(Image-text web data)
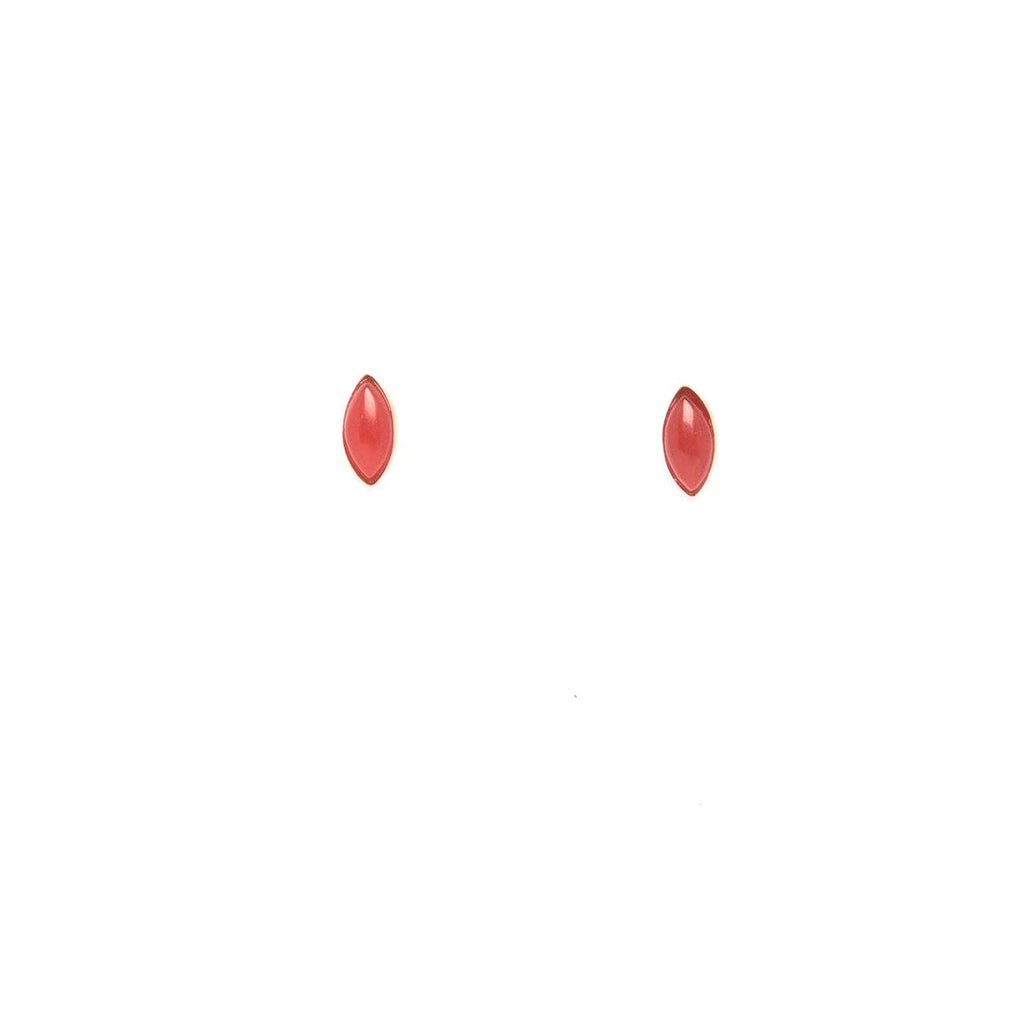Navette Studs in Carnelian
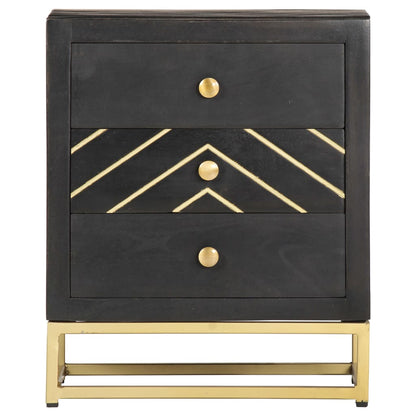 Mesa de cabeceira 40x30x50 cm mangueira maciça preto e dourado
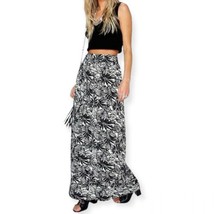 NEW Boohoo Black Two Tone Leaf Print Maxi Skirt Size 6 - £14.21 GBP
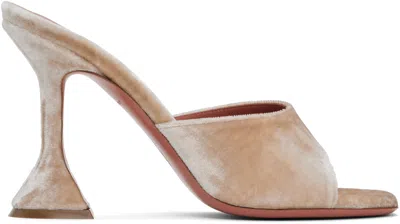 Amina Muaddi Beige Lupita Slipper Heeled Sandals In Champagne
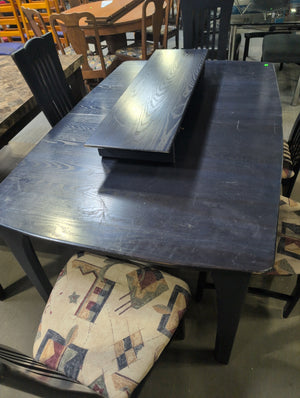 Blue Wooden Dining Table with 6 Matching Chairs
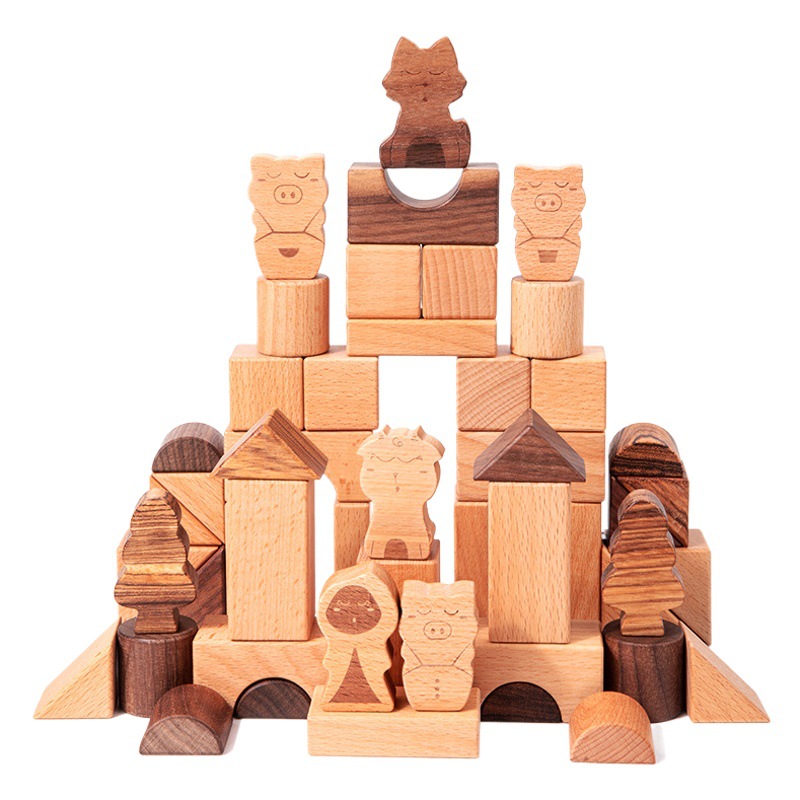 Niños y niñas nueva madera maciza bloques de construcción de partículas grandes juguetes educativos para niños 1-3 años de edad entrenamiento de inteligencia regalo del bebé
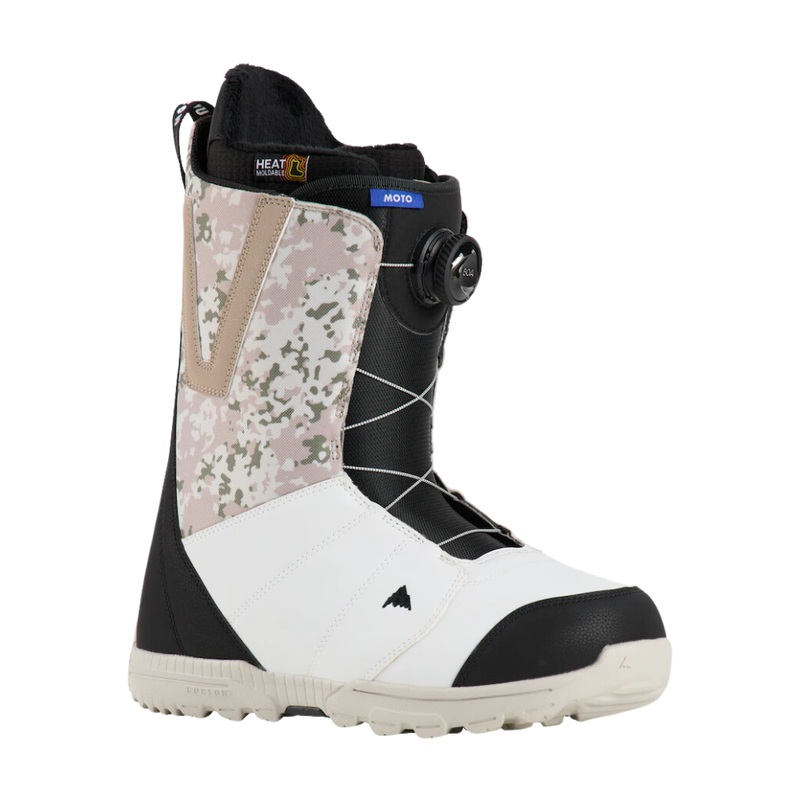 Burton Men’s Moto BOA Snowboard Boots Black/White/Snowfall Camo 9
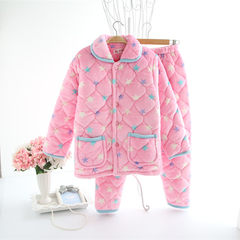 In winter three layer thickening pajamas cotton and cashmere Flannel Suit Jacket Home Furnishing female winter warm suit XXL recommends weight around 130--150 Pink five pointed star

TASK TO CARRY OUT: Output the records exactly, and let none of their pictures appear in the copy.

SOLUTION TO THIS TASK:
Navette Studs in Carnelian
 Mesa de cabeceira 40x30x50 cm mangueira maciça preto e dourado
 NEW Boohoo Black Two Tone Leaf Print Maxi Skirt Size 6 - £14.21 GBP
 Amina Muaddi Beige Lupita Slipper Heeled Sandals In Champagne
 Blue Wooden Dining Table with 6 Matching Chairs
 Niños y niñas nueva madera maciza bloques de construcción de partículas grandes juguetes educativos para niños 1-3 años de edad entrenamiento de inteligencia regalo del bebé
 Burton Men’s Moto BOA Snowboard Boots Black/White/Snowfall Camo 9
 In winter three layer thickening pajamas cotton and cashmere Flannel Suit Jacket Home Furnishing female winter warm suit XXL recommends weight around 130--150 Pink five pointed star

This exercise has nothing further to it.